One idea was front and center Wednesday night at the Chapel Theatre: We think we know Tennessee Williams, but we really don’t. As the College of Charleston makes clear in their production Five by Tenn: One-Act Plays by Tennessee Williams, there is more to Williams’ genius than the faded Southern belles and lonely, frustrated men that made him so rightfully famous.
The five plays featured include a couple that one would hardly guess were written by Williams: The Municipal Abattoir explores the consequences of fascism on the human psyche, while A Chalky White Substance shows us a barren, loveless world after a nuclear apocalypse.
The other three pieces tread on more familiar ground. The Lady of Larkspur Lotion reveals the delusions that a destitute prostitute and an unsuccessful young writer employ to ward off the hopelessness of their lives in a French Quarter boardinghouse; Talk to Me Like the Rain and Let Me Listen explores the self-destruction of a hopeless couple; and The Pretty Trap, which later became The Glass Menagerie, shows us a determinedly elegant Southern woman’s desperate attempt to see her shy daughter married.
In an evening of excellent acting, a few students really stood out. Andie Boyd as the delusional prostitute in The Lady of Larkspur Lotion — a character that is reminiscent of Blanche DuBois in A Streetcar Named Desire — embodied the shaky pride of a woman who has given up all hope of better circumstances, but cannot stop herself from wishing for them. In The Municipal Abattoir, Cameron Christensen portrayed the fear-stricken clerk who is voluntarily going to his own execution with an empathy that evoked the true horror of an individual who cannot defy authority, even to save his own skin.

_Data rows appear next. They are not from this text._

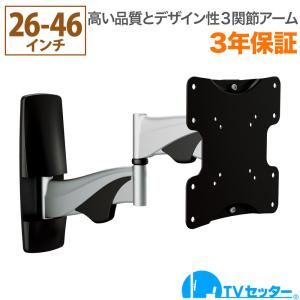 26-46インチ対応 テレビ壁掛け金具 金物 TVセッターアドバンス PA112 Sサイズ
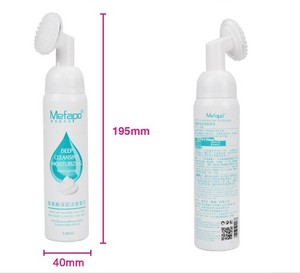 Soins De la peau Eskinol Naturals Nettoyant Pour Le Visage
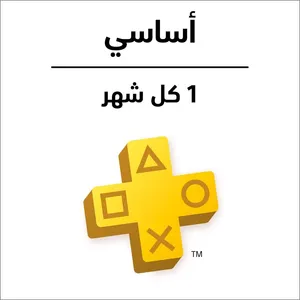 بلس أساسي شهر بلاستيشن 5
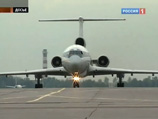 Росимущество собирается поднять ставку аренды взлетно-посадочных полос столичных аэропортов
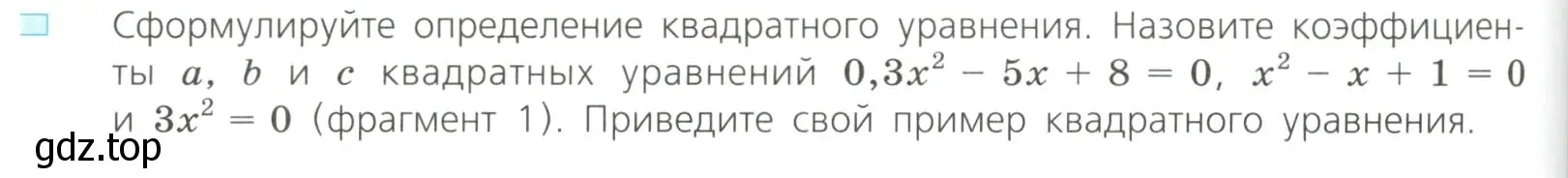 Условие номер 1 (страница 116) гдз по алгебре 8 класс Дорофеев, Суворова, учебник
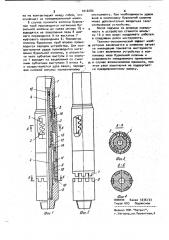 Устройство для ликвидации прихвата бурильного инструмента (патент 1016482)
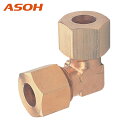 ASOH アソー 両口リングエルボ Φ15 (1個) 品番:RL-2505
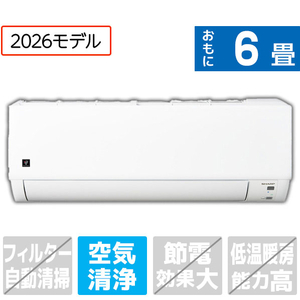 シャープ 「工事代金別」 6畳向け 冷暖房エアコン プラズマクラスターエアコン DGシリーズ AY-U22DGS-イメージ1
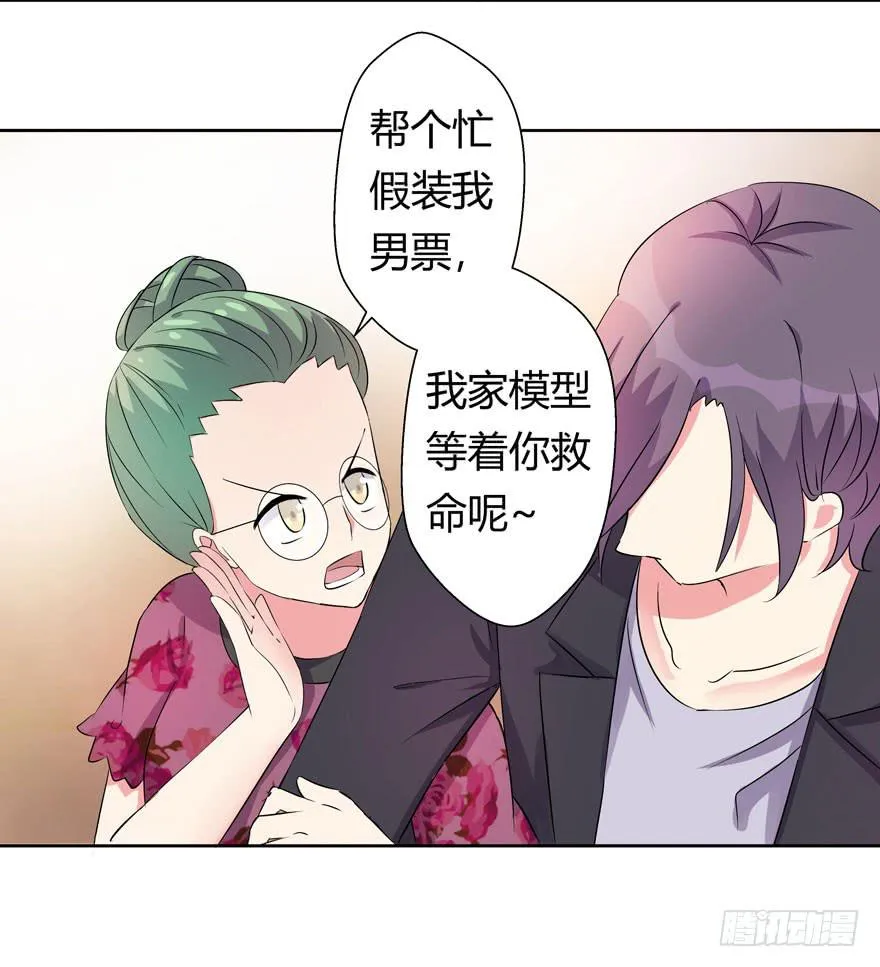 你已经有男朋友了 第34页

George Metropolis and Marguerite Conroy as the disconnected couple in Talk to Me Like the Rain and Let Me Listen are moving in their portrayals of two people living in very different dreamworlds: one, the unnamed Man’s, fueled by alcohol and irresponsibility, and the Woman’s woven out of endless waiting and marital neglect.
Anna Stephenson, who plays the mother, Amanda, in The Pretty Trap, seems to understand her character with a maturity beyond her years. Stephenson expertly captures the tension between Amanda’s private self, where she is a single mother working demeaning jobs to support her children, and her public, halfway imagined self, where she is a Southern lady of excellent breeding. What is so interesting about Amanda is that it is in her public persona that she feels the most genuine; she is never comfortable with her children the way she is as a hostess, entertaining her daughter’s “gentleman caller.” This funnier, more hopeful predecessor to The Glass Menagerie is a wonderful piece of drama, and it is fascinating to watch the familiar story play out without the veil of anguish that lays like a mist over the later play.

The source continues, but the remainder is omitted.